Social Media als Seminarbestandteil

Wenn Sie Social Media zu einem Bestandteil Ihres Seminars machen möchten ist klar, dass die Teilnehmer mitmachen müssen:

Ihre Affinität zum Netz muss recht hoch sein und sie müssen das Arbeiten im Netz auch wollen. Es gibt viele Teilnehmende, die nach Seminarende genug haben – da fehlt der Wille sich noch mal ein Stündchen an den Rechner zu setzen. Und das ist auch ok wenn die Teilnehmenden nicht vorher über ‚Heimarbeit‘ informiert wurden.

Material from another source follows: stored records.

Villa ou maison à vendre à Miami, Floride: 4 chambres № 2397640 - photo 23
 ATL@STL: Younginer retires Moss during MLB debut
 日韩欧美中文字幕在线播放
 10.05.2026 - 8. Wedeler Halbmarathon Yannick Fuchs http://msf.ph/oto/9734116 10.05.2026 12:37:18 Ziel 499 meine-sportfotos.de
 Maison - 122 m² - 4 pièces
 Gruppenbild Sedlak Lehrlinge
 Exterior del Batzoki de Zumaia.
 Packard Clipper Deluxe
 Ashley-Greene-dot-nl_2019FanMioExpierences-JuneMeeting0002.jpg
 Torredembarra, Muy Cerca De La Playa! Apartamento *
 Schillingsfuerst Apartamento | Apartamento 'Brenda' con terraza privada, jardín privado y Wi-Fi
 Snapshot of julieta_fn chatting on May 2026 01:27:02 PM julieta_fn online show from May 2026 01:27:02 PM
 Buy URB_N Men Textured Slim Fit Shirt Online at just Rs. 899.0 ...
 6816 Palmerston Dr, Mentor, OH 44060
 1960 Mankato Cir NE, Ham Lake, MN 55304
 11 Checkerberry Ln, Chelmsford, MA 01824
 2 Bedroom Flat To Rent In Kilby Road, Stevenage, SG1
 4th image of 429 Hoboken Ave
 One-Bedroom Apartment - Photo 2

Wenn Social Media Bestandteil Ihrer Seminare sein soll, so sollte Ihr bisheriges Präsenzkonzept daran angepasst werden und Ihre Teilnehmenden müssen vorab darüber informiert werden. Das macht Ihnen am Anfang natürlich eine Menge Arbeit … es kann sich jedoch lohnen.

Ist Social Media Bestandteil Ihrer Trainings, so werden Sie wahrscheinlich auch die Kommunikationsmöglichkeiten nutzen: mit Blog-Kommentaren, Foren, Gruppen (siehe dazu die entsprechenden Artikel). Sie können gezielt den Austausch untereinander und auch die Beschäftigung mit einem bestimmten Thema (zum Beispiel durch einen provokanten Beitrag in einem Blog) fördern. Oder Sie schaffen im Sprachunterricht Schreibanlässe durch Aufgaben, Fragen etc.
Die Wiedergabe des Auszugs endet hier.